Wizards of the Coast took a lenient method with item creation, but Paizo decided they preferred more structured Magic Items when they adopted the SRD content into the Pathfinder system.

Magic Item Creation rules explain the pricing:

Adding new Abilities (+4 to your +4): 1.5x the lower costing Ability (16,000 + 16,000 + 8,000 = 40,000)

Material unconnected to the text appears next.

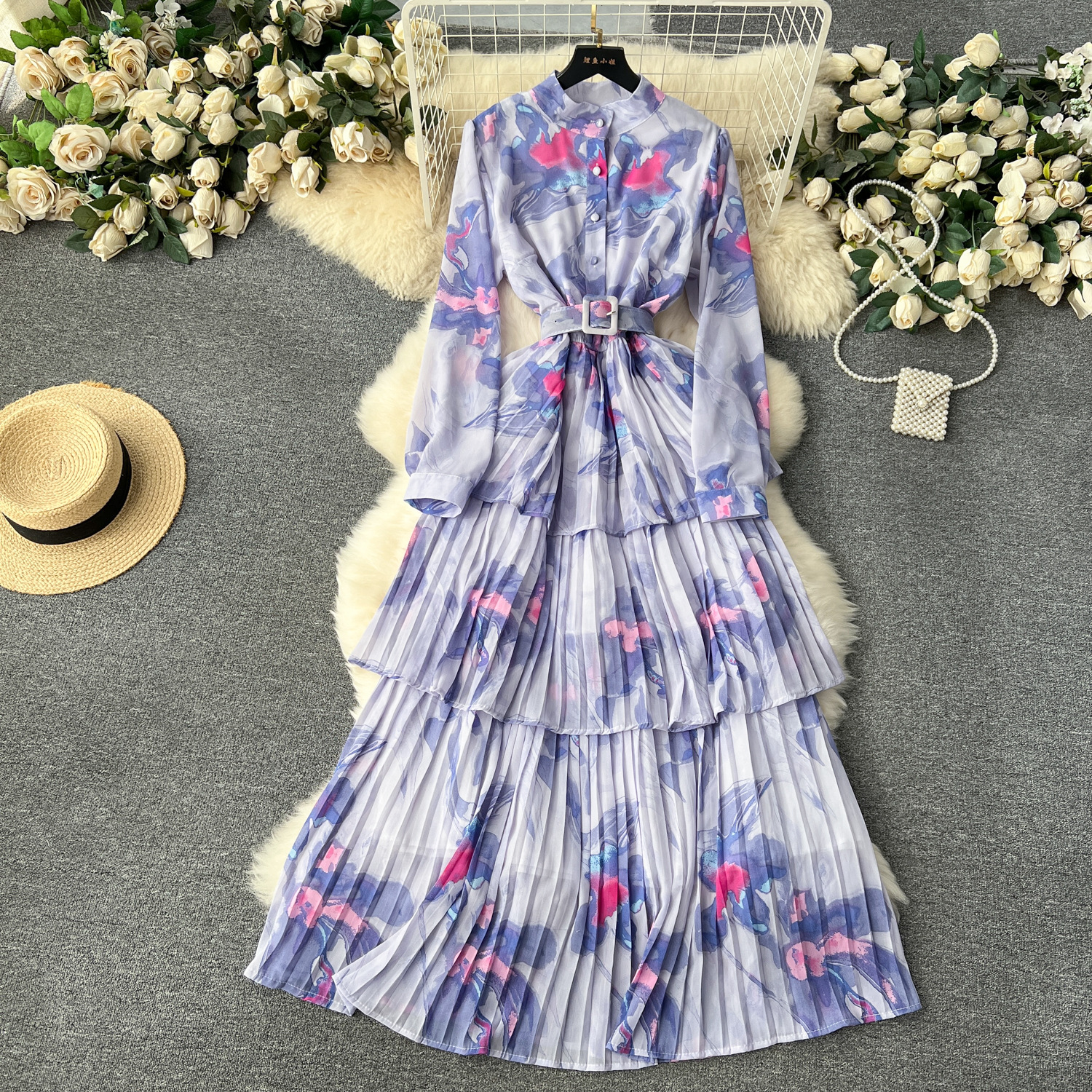 2024 early spring new French gentle style printed chiffon dress women's pleated ruffled edge cake skirt holiday skirt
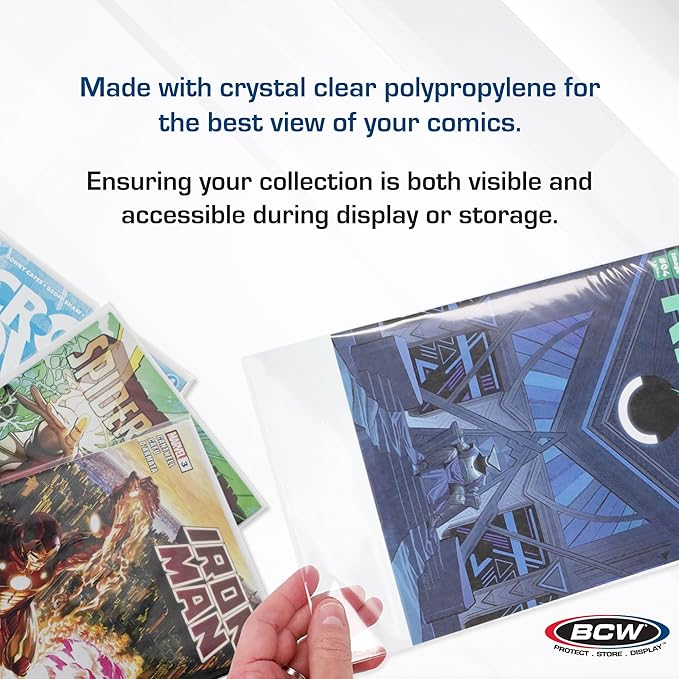 BCW Current/Modern Comic Bags - 100 ct | Acid-Free Modern Comic Bags for Current Issues | Exterior 6 7/8 x 10 1/2 inches | Crystal Clear Protection for Your Comic Collection - Image 6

They also address their "Big 6" of raw statistical bonuses (Headband of Mental Ability, Belt of Physical Ability, Cloak of Resistance, Ring of Protection, Amulet of Natural Armor, and Weapon/Armor Enhancement bonuses) and provide GM's with guidance against allowing items to be slotted differently (see Altering Existing Magic Items heading under the previous link):

Some item slots are very common and are shared by many useful items (boots, belts, rings, and amulets in particular), while some slots are used by only a few items (such as body, chest, and eyes). Allowing a character to alter or craft an item for one of these underused slots is allowing the character to bypass built-in choices between popular items.

and more specifically:

Some of the magic items in the standard rules are deliberately assigned to specific magic item slots for balance purposes, so that you have to make hard choices about what items to wear. In particular, the magic belts and circlets that give enhancement bonuses to ability scores are in this category—characters who want to enhance multiple physical or mental ability scores must pay extra for combination items like a belt of physical might or headband of mental prowess.

This is all guidance, not set-in-stone rules. It's worth opening a dialog with your GM to decide if they think it's fair to give up additional slots to not have to pay the combination cost.